Attention: Choosing the Relevant Context
Intuition: focus changes with the token
Section titled “Intuition: focus changes with the token”Attention lets each position decide which previous or neighboring tokens matter most. When translating a pronoun, the model may attend to a noun; when answering a question, it may attend to supporting evidence. The weights are dynamic: they depend on the actual input, not on a fixed rule.
行表示正在更新的 token,列表示它关注的上下文 token;颜色越深,权重越高。

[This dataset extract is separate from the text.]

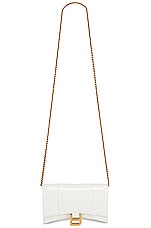 Balenciaga Hourglass Wallet on Chain Bag in White, view 1, click to view large image.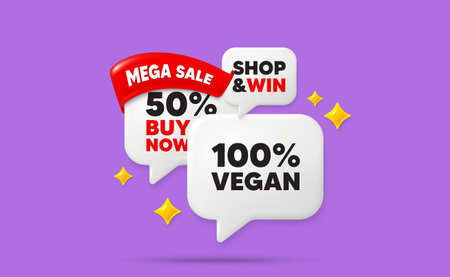 Vegan food speech bubbles. Mega sale flag ribbon. 100 percent vegan tag. Organic bio food sign....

| query \ key | 大 | 语言 | 模型 | 关注 | 上下文 | 生成 | 答案 |
|---|---|---|---|---|---|---|---|
| 大 | 1.00 | 0.00 | 0.00 | 0.00 | 0.00 | 0.00 | 0.00 |
| 语言 | 0.25 | 0.75 | 0.00 | 0.00 | 0.00 | 0.00 | 0.00 |
| 模型 | 0.12 | 0.38 | 0.50 | 0.00 | 0.00 | 0.00 | 0.00 |
| 关注 | 0.08 | 0.24 | 0.28 | 0.40 | 0.00 | 0.00 | 0.00 |
| 上下文 | 0.05 | 0.18 | 0.22 | 0.25 | 0.30 | 0.00 | 0.00 |
| 生成 | 0.04 | 0.12 | 0.20 | 0.18 | 0.26 | 0.20 | 0.00 |
| 答案 | 0.03 | 0.10 | 0.22 | 0.12 | 0.23 | 0.18 | 0.12 |
Engineering view: Q, K, V and the quadratic bottleneck
Section titled “Engineering view: Q, K, V and the quadratic bottleneck”Each token is projected into Query, Key, and Value vectors. Query-Key similarities become a softmax distribution; the output is a weighted sum of Values. Multi-head attention repeats this operation so different heads can learn different relations.
Full self-attention scales roughly with sequence length squared. Inference systems therefore use KV cache, efficient kernels, grouped-query attention, sliding windows, or sparse patterns to keep latency and memory manageable.
References
- Attention Is All You Need
The foundational paper that introduced the Transformer architecture. The authors replaced RNNs and CNNs entirely with attention mechanisms, proposing multi-head self-attention and positional encoding. It dramatically outperformed prior models on machine translation. Every major LLM today is built on this architecture.
- Neural Machine Translation by Jointly Learning to Align and Translate
The seminal attention mechanism paper (pre-Transformer). The authors found that seq2seq's fixed-length bottleneck vector limited translation quality, and proposed letting the decoder dynamically attend to all encoder hidden states when generating each word. This idea directly evolved into Transformer self-attention.